In line with that, the mufti of Australia, Sheikh Taj al-Din al-Hilali, once complained that “Australian law guarantees freedoms up to a crazy level.” Yet genuine freedom is an indispensable prerequisite for any cultivation of real virtue.

Even the post-Christian West makes it more possible to be virtuous than the apparently much more straitlaced Islamic world. With its stonings, amputations, and death penalties for an array of offenses including apostasy, Islam has created – even in the family itself — not a framework in which people can become genuinely good, but an empire of fear. People don’t dare step out of line, not out of an authentic understanding that the path of moral and ethical uprightness is preferable to the alternative, much less out of love for God or a real desire to please him, but because they are afraid of what would happen to them if they did depart from Islam’s vision of morality.

He has more to say. With all that in mind, I think it might be interesting to consider how the subtle differences between the Judeo-Christian and the Islamic view of God ties into the question of freedom and virtue.

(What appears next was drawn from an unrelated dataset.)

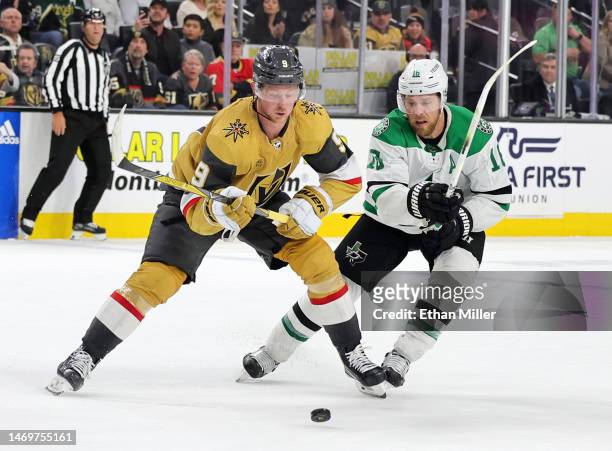 Jack Eichel of the Vegas Golden Knights skates with the puck against Joe Pavelski of the Dallas Stars in overtime of their game at T-Mobile Arena on...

In Christian and Jewish theology, God is considered to be not only omniscient (all-knowing) and omnipotent (all-powerful), but also omni-benevolent (entirely good). As God is wholly good and has no evil in Him, God cannot commit an evil act. To do so would be contrary to His nature. An Islamic theologian cannot say that. It is not that Muslims believe that God is evil or indifferent. Islam is, as C. S. Lewis said of Christianity, a fighting religion with a God who takes sides. The problem that Muslims have with saying that God cannot commit an evil act lies in their conception of God as all-powerful.

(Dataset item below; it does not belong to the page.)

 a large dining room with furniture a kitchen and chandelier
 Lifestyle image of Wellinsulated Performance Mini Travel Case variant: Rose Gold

All three Abrahamic religions believe God to be omnipotent. Islam, however, emphasizes divine omnipotence quite a lot more than the other two religions. Muslims, therefore, are uncomfortable with any concept that seems to put a limit on God’s absolute sovereignty and divine freedom. Saying that God cannot do a thing or has any limits seems to be blasphemy. God cannot be constrained in any way or by any thing, not even by natural laws or logic. God may be good but there is no reason why He could not command something evil, arbitrary, or even irrational. Islam also teaches the unknowability of God by mere humans. No human being can know anything about God or His nature. This means that such statements as the apostle John is fond of using such as God is love or God is Light, or identifying God with the Logos or Reason are meaningless to the Muslim and, again, may even be blasphemous. We cannot know God. We can only know His will for us. Islamic theologians have not spent much time debating the nature of God, as Christians have with their disputes over the trinity and how Jesus can be both God and man. Islamic theology is more focused on legal matters and regulations for the believer.

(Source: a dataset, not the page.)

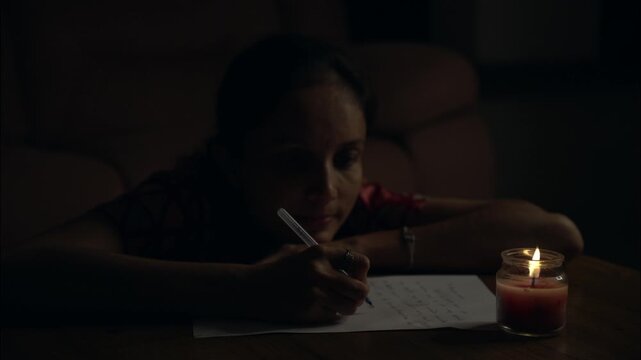 A moody low-light photograph of a woman writing on paper beside a burning candle in a quiet room.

These concepts might be the reason that Islamic political history is largely a history of despotism. If God is absolute with no constraints on His authority, then it stands to reason that rulers, God’s representatives, should also have absolute authority. There is, as far as I know, no Magna Carta in Islam, and certainly no Declaration of Independence with its inalienable rights. Muslims believe that humans are the slaves of God, while Christians believe that we are His Sons. Sons have rights. Slaves do not.

This also puts an interesting twist on the Euthyphro dilemma. Euthypho is a character in Plato’s dialog of that name. Socrates and Euthypho meet each other at a law court while they each are waiting for the court to hear their cases, in Socrates’s case the trial that would cost him his life. Since Euthypho is presented as an expert theologian who knows all about the gods, Socrates asks to define piety or holiness and the two begin the dialog. During the discussion Socrates asks whether the gods love pious acts because they are pious or are things pious because the gods love them. In other words, and moving to monotheism, does God command us to do good things because they are good, or are good actions good because God commands them. For instance, one of the ten commandments that God gave to Moses was, “Thou shalt not kill”. Did God forbid killing because killing is inherently evil, or is killing evil because God forbade it.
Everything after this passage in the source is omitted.